Al Jazeera’s rather detailed reporting makes a few things immediately clear about the situation in Syria. The majority of defections are not from the presidential cabinet (as Morsi’s government’s have), but from high-ranking military officials, the security establishment, and occasionally the assorted diplomats from Assad’s regime. The defections are just as political as the resignations, but they seem informed by protocol more than policy. In nearly ever public defection, the official declared that they couldn’t abide working for a regime that violently targeted its only civilians preemptively and without qualification. The politically-active intelligentsia have more or less joined the anti-Assad revolution in light of its violations of political standards, rather than in opposition to its conception of government.

In stark contrast, the resignations from Morsi’s government have been primarily the actions of highly visible cabinet members. Likewise, while almost every non-Islamist has left their position, significant numbers of Islamists, particularly from the now defunct al-Nour party, also left. To a certain extent, the growing list of presidential powers has been the same sort of lightning rod for opposition to Morsi, as one al-Nour spokesman made clear in saying, “our programmes and views on managing the state are different”.

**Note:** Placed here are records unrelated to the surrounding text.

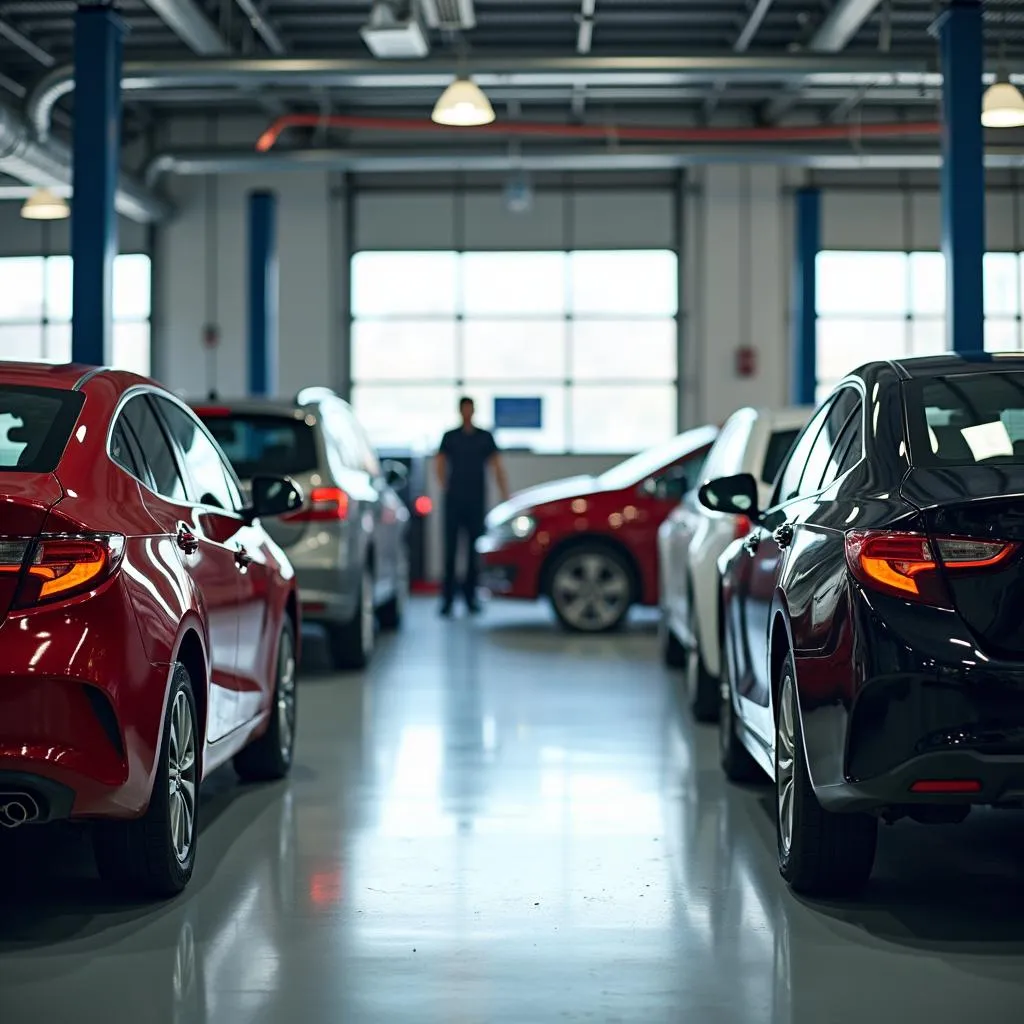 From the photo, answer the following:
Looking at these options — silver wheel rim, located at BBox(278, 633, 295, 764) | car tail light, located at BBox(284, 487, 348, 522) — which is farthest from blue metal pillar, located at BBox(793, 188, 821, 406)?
silver wheel rim, located at BBox(278, 633, 295, 764)

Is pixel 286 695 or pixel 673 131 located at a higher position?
pixel 673 131

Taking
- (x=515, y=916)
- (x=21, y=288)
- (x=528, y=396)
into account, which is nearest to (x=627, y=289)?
(x=528, y=396)

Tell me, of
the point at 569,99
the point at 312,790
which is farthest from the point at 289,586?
the point at 569,99

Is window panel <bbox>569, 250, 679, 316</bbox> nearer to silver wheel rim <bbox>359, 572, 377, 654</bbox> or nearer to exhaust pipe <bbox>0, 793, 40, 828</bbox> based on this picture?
silver wheel rim <bbox>359, 572, 377, 654</bbox>

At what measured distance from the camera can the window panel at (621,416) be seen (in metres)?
20.7

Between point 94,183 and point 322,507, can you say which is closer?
point 322,507

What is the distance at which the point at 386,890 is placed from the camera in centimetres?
479

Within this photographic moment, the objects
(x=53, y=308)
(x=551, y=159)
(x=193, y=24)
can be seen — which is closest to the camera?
(x=193, y=24)

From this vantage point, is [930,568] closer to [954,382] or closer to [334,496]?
[954,382]

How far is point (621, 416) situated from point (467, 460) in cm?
644

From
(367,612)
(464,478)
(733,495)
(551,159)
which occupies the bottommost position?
(367,612)

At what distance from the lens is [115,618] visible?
409 cm

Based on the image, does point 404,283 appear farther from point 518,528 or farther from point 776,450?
point 776,450

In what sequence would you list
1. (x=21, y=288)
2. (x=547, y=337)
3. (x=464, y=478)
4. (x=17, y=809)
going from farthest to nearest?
(x=21, y=288) → (x=547, y=337) → (x=464, y=478) → (x=17, y=809) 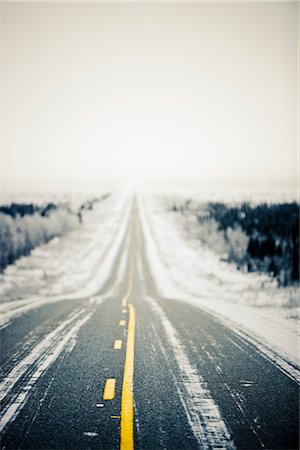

There’s something a contrast between former members of the government from Islamist parties who are opposed to Morsi’s police actions and the various other former members who are opposed to the police actions necessitated by almost any Salafist government. One need look no further than the twitter of Ayman al-Sayyad, a former cabinet member who was an independent, who passed along a Guardian article that alleged that the Salafist movements in Egypt, whether aligned with the Muslim Brotherhood or opposed as al-Nour is, pose a threat to democratization of the country. That’s a far cry from the various defections from the Syrian government who have almost categorically stated that the existing regime needs to fall.

In short, Egypt has multiple oppositions that are no less opposed to each other than to Morsi’s government. Syria has a regime so violent that such multiple oppositions have prioritized its replacement over their various and at times violent disagreements. The defections and resignations are just that, in radically different contexts.